ISL’s struggle with space issues at Camp Street has been growing year by year, as more students stay from its popular lower grades all the way into middle school. How to handle the problem dominated the school board’s meetings for much of the last school year, starting in October 2012 when the idea of moving Camp Street’s upper grades to Algiers drew large crowds of parents in opposition. In the spring of 2013, the board decided to ease the overcrowding by leasing extra space on Thalia Street, but that deal unexpectedly fell through, forcing the school to add modular buildings just prior to school restarting in the fall of 2013.

Even the space in the modulars (and the shotgun “cottage” the school owns) are not enough to accommodate the needs of a full, four-section-per-grade K-8 school, said Head of School Sean Wilson. The main building has 31 classrooms, the cottage holds two and the modulars hold eight — a total of 41 rooms, when the current need is for an estimated 54 rooms, Wilson said. The current configuration only works because every possible enrichment classroom has been sacrificed — there is no art room, for example, and no space for students who need to one-on-one or small-group remediation.

“There’s never anywhere to put our kids,” Wilson said.

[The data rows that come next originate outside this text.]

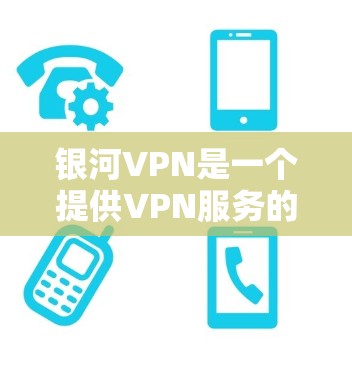 银河VPN是一个提供VPN服务的平台,旨在提供安全、便捷的网络访问环境。以下是使用银河VPN的步骤说明 银河VPN是一个提供VPN服务的平台,旨在提供安全、便捷的网络访问环境。以下是使用银河VPN的步骤说明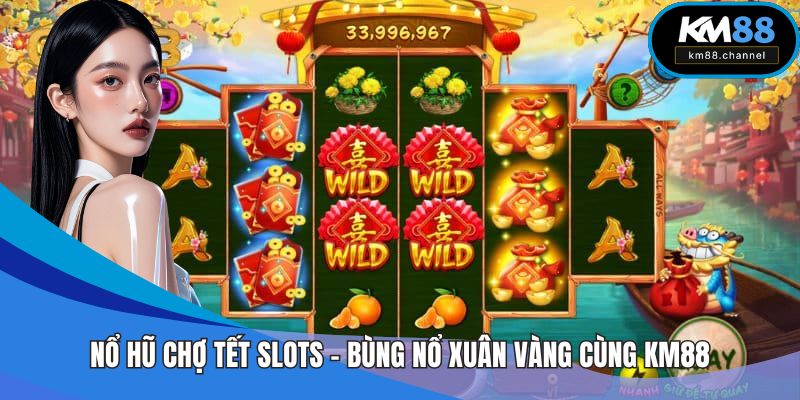 Nổ Hũ Chợ Tết Slots – Bùng Nổ Xuân Vàng Cùng KM88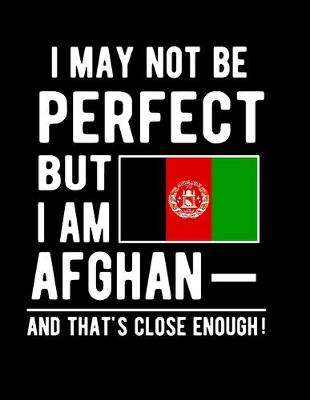 Book cover for I May Not Be Perfect But I Am Afghan And That's Close Enough!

As the school year comes to a close, Wilson has drafted an analysis of possibilities for Camp Street that include a number of options. They are not ranked in any order, and are only considered starting points for discussion moving forward:

  • Leave Camp Street building for a new, larger location. If the school bought a new location, it would no longer be subject to the land-use decisions of the Orleans Parish School Board and Recovery School District. But they also know that many families are strongly attached to Camp Street, and enrollment could suffer if the school moves outright.
  • Split the lower and upper grades into two campuses. This would have the advantage of easing overcrowding immediately, and a location could be easier to find for a middle school than for the full K-8 campus. But school leaders strongly favor keeping the youngest and oldest students on a single campus as part of the school’s culture, and the plan would inconvenience parents with children in different grades.
  • Move the current program from Camp Street to a new, larger location, but keep the building for a new charter. ISL expanded first to the Westbank and then to Jefferson Parish, and envisions a future with enough lower schools to feed into a single new high school.
  • Reduce the number of incoming classes to two or three sections per grade instead of the current four. This would only help slowly, and could make it difficult for the upper grades to retain students.
  • Discontinue the middle school program. The lower grades could keep four sections per grade and restore the enrichment areas, but it would essentially harm ISL’s educational offerings to the community.
  • Offer only one language at Camp Street, instead of two currently. This would have a similar effect to reducing to 50 incoming students, but would still force families in one language track to move.
  • Each of the options comes with its own set of considerations about cafeteria space and play areas as well.

    Another possibility not currently considered by the draft facilities plan would be to create some sort of expansion at the Camp Street campus itself, similar to the new wings currently being added behind Audubon Charter School’s Broadway campus. But that, too, would leave many issues unsolved — ownership of the building, for example — as well as face substantial hurdles from the city government and from neighbors.

    Wilson said that parental discussion of these options with the board will be important as soon as possible.

    “We really need to engage our parents early on to talk about what’s viable,” Wilson said.

    The strategy to move forward is currently being handled by the school board’s planning and development committees, and board chair Matt Amoss said he expects it to dominate board meetings through the spring.

    “Through the end of this school year, we’re going to focus on this,” Amoss said.